Planning online video chat meetings take place when there is a project at hand and everyone involved is needed to pitch in and help. Planning meetings should not be confused with brainstorming meetings. Planning meetings usually take place after brainstorming meetings have already taken place and the project along with the theme and basic ideas have already been decided. Planning meetings are often ones where each task involved in the project is assigned. Depending on the size and scale of the project, these meetings should have several follow-up meetings where everyone can report the progress of their specific task. If you are involved in planning meetings be sure to take ownership of the task you’ve been assigned.
Proposal meetings are ones where one party is conference presenting an idea or product to another. If you have an idea to propose and you find yourself in your supervisor’s office sharing your ideas, you’d better be prepared. Being prepared will make or break the proposal. Know your facts. Do your research. Be prepared for push-back and questions yet flexible enough to take suggestions. You may want to rehearse with a friend or family member before the meeting.
One-on-one meetings are your opportunity to meet with your supervisor and/or are for those under you to meet with you. These meetings are a great way to keep a system of checks and balances throughout the org chart. If your employees have one-on-ones with you, allow them to set the agenda. Allow them to ask you questions in an informal, relaxed setting. If you have one-on-ones with your supervisor, be sure to have a list of items you wish to discuss at hand. Some professionals I know will have a typed bullet-pointed agenda sent to their supervisor ahead of time. The point is, to come prepared. Don’t waste your boss’s time by having nothing of value to say.
These one-on-one meetings aren’t the same as an employee review or evaluation. One-on-one meetings function the best when they can happen on a regular recurring basis. Reviews or evaluations should happen once every six months to a year.

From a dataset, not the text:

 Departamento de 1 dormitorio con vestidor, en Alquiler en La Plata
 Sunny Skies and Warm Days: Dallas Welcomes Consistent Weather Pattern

Many meetings will take on several combinations of each of these types. Knowing what type of meeting you are getting ready to walk into, however, will make an incredible difference. If the type of meeting is not clear from the calendar invite, ask questions. Do the necessary research so that you can enter the conference room with confidence and poise.
When It’s Your Meeting:
When you’re the one calling the meeting and you’re the one setting the agenda, many of the above dos and don’ts will still apply. However, you have an added responsibility to make sure the meeting has a purpose and stays on task. These tips can help you manage the time of your meeting wisely.
- Give attendees advanced notice and as much preliminary information as possible. Allow them the opportunity to come prepared.
- Have a set agenda ready. Know what type of meeting you are conducting and the purpose you want to accomplish.
- Stay on task. Don’t allow the meeting to chasing after rabbits. Don’t chase those rabbits yourself. Keep to the agenda as much as possible.
- Start and end your meeting on time. Your time is valuable and so is everyone else’s time. Respect their schedules.